The latter secured the Chipewyans and Crees at the former post,
and Mr. Ross the Crees at Wahpoośkow, both adjustments, by a
coincidence, being made on the same day.

This completed the Treaty of 1899, known as No. 8, the most
important of all since the Great Treaty of 1876.

The work of the Commission being now over, its members prepared
to leave the country. Messrs. Ross and McKenna set out for Athabasca
Landing, whilst Mr. Laird accompanied us to Pelican Rapids, but left
us there and pushed on, like the others, for home.

There were, of course, many Indians who did not or could not turn
up at the various treaty points that year, viz., the Beavers of St.
John, the Crees of Sturgeon Lake, the Slaves of Hay River, who should
have come to Vermilion, and the Dog-Ribs, Yellow-Knives, Slaves,
and Chipewyans, who should have been treated with at Fort Resolution,
on Great Slave Lake.

Accordingly, a special commission was issued to Mr. J. A. Macrae,
of the Indian Office in Ottawa, who met the Indians the following
year at the points named, and in May, June, and July, secured
the adhesion of over 1,200 souls, making, with subsequent adhesions,
a total of 3,568 souls to the 30th June, 1906.

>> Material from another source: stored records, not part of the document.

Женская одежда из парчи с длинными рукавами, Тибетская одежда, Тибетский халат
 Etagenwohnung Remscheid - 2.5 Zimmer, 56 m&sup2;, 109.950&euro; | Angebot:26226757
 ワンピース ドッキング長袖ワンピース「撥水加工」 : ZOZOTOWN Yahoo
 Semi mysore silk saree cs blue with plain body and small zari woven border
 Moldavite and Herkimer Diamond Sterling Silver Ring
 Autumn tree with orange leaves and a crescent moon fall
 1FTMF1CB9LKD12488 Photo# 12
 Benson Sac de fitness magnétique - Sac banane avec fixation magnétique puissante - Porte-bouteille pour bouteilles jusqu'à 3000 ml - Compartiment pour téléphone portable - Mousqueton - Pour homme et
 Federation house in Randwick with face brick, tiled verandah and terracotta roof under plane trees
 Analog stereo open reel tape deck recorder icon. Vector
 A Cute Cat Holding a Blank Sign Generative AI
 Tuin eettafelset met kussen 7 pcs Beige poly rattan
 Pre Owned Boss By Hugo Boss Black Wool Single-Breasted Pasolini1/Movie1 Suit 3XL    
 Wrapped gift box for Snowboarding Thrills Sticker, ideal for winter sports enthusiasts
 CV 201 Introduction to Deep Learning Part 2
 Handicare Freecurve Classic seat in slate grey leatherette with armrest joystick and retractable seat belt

The largest numbers were at Forts Resolution, Vermilion, Fond
du Lac, and Lesser Slave Lake, the latter ranking fourth in
the list. Of course, there are still to be treated with the
Indians of the Mackenzie River and the Esquimaux of the Arctic
coast. But Treaty Eight covers the most valuable portions of
the Northern Anticlinal, though this is a conjecture, as the
resources of the lower Mackenzie Basin, and even of the Barren
Lands, are only now becoming known, and may yet prove to be of
great value. Bishop Grouard told me that at their Mission at
Fort Providence, potatoes, turnips and barley ripened, and also
wheat when tried, though this, he thought, was uncertain. I have
also heard Chief-factor Camsell speak quite boastfully of his
tomatoes at Fort Simpson. As a matter of fact, little is known
practically as to the bearing of the climate and long summer
sunshine on agriculture in the Mackenzie District. But be that
region what it may, there has been already ceded an empire in
itself, extending, roughly speaking, from the 54th to the 60th
parallel of north latitude, and from the 106th to the 130th degree
of west longitude. In this domain there is ample room for millions
of people; and, as I must now return to the Half-breed Commission
on Lesser Slave Lake, I shall give, as we go, as fair a picture
as I can of its superficial features and the inducements it
offers to the immigrant.



Chapter IV

The Half-Breed Scrip Commission.


The adjustment with the half-breeds depended, of course, upon
a successful treaty with the Indians, and, this having been
concluded, the latter at once, upon receipt of their payments,
left for their forests and fisheries, leaving the half-breeds
in full possession of the field.

It was estimated that over a hundred families were encamped around
us, some in tepees, some in tents, and some in the open air, the
willow copses to the north affording shelter, as well, to a few
doubtful members of Slave Lake society, and to at least a thousand
dogs. The "scrip tent," as it was called, a large marquee fitted
up as an office, had been pitched with the other tents when the
camp was made, and in this the half-breeds held a crowded meeting
to talk over the terms, and to collate their own opinions as to
the form of scrip issue they most desired. In this they were
singularly unanimous, and, in spite of advice to the contrary
urged upon them in the strongest manner by Father Lacombe, they
agreed upon "the bird in the hand"--viz., upon cash scrip or
nothing. This could be readily turned into money, for in the
train of traders, etc., who followed up the treaty payments,
there were also buyers from Winnipeg and Edmonton, well supplied
with cash, to purchase all the scrip that offered, at a great
reduction, of course, from face value. Whether the half-breeds
were wise or foolish it is needless to say. One thing was plain,
they had made up their minds. Under the circumstances it was
impossible to gainsay their assertion that they were the best
judges of their own needs. All preliminaries having at last been
settled, the taking of declarations and evidence began on the
23rd of June, and, shortly afterwards, the issue of convertible
scrip certificates, or scrip certificates for land as required,
took place to the parties who had proved their title.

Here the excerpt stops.